As head coach of a German national team with Dirk Nowitzki that competed at the 2015 European Championships, Chris Fleming has led big moments before.
Still, Sunday night proved special.
“It’s pretty humbling to have a chance to coach the Bulls,” Fleming said.
With Billy Donovan in the league’s health and safety protocols, Fleming is the Chicago Bulls’ acting head coach for the foreseeable future. His run, however long it lasts, started in victorious fashion as the Bulls moved 10 games over .500 for the first time since Jan. 7, 2016, with a 113-105 victory over the Pacers.
In typical Fleming fashion, he did his best to deflect the spotlight.
“Obviously, it’s very different. I’ve never coached an NBA game before. But I think our staff was really locked in,” Fleming said. “(Assistant) Josh (Longstaff) had the scout, did a great job handling that. (Assistant) Mo (Cheeks) has been there a ton before. I thought his guidance was really, really important for me.”
Fleming also credited Donovan, who is spending his time in quarantine working, attending every coaches’ meeting via Zoom.
“Billy is probably the most competitive guy I’ve been around. He wants to be here. He really helped our staff,” Fleming said. “He said, ‘I’m here if you need me. You guys just go ahead and coach and help these guys win.’ I think his support was really important.”
Still, once the rotational plan is set and the gameplan drawn up and the pick-and-roll coverages decided upon, the ball is tipped. And in-game decisions happen.
Fleming, the lone holdover from Jim Boylen's staff kept by Donovan and the new management team, leaned on experience. This is his seventh year as an NBA assistant. But prior to that, he earned a Coach of the Year honor while directing Brose Bamberg to four German League championships, not to mention that German national team experience.
One such decision came with Fleming’s usage of seldom-used guard Matt Thomas. In one first-half stretch, Thomas played 12 consecutive minutes spanning the first and second quarters. The Bulls’ lead increased from seven to 17 in that stretch, and Thomas finished a game-best plus-16.
“We did not plan on playing him as long in the first half.

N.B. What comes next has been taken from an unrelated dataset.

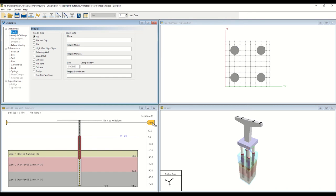Note that FB Multipeer employs distributed non-linear springs to model the resistance provided by the soil and rock media. Finally, the bottom right window, entitled 3D View, displays a 3D rendering of the model.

But I thought our team had a flow. We got the lead in that phase. And we just kind of let him go,” Fleming said. “On a back-to-back, it’s always an advantage if you can rest DeMar (DeRozan) or rest Zach (LaVine) a few more minutes. And he helped us do that.”
Ah, yes, a back-to-back. That’s how Fleming “celebrated” his first victory as an acting NBA head coach, even if the victory goes on Donovan’s record. With a flight to Atlanta and more prep work for the Hawks.
“I thought he did a really good job prepping us and making sure we were ready to play,” Nikola Vučević said. “He didn’t try to overdo anything or change anything. He tried to manage the game as good as he could and the rest of the other assistant coaches as well. I thought he did a really good job. It’s not easy to have to step in for the head coach.”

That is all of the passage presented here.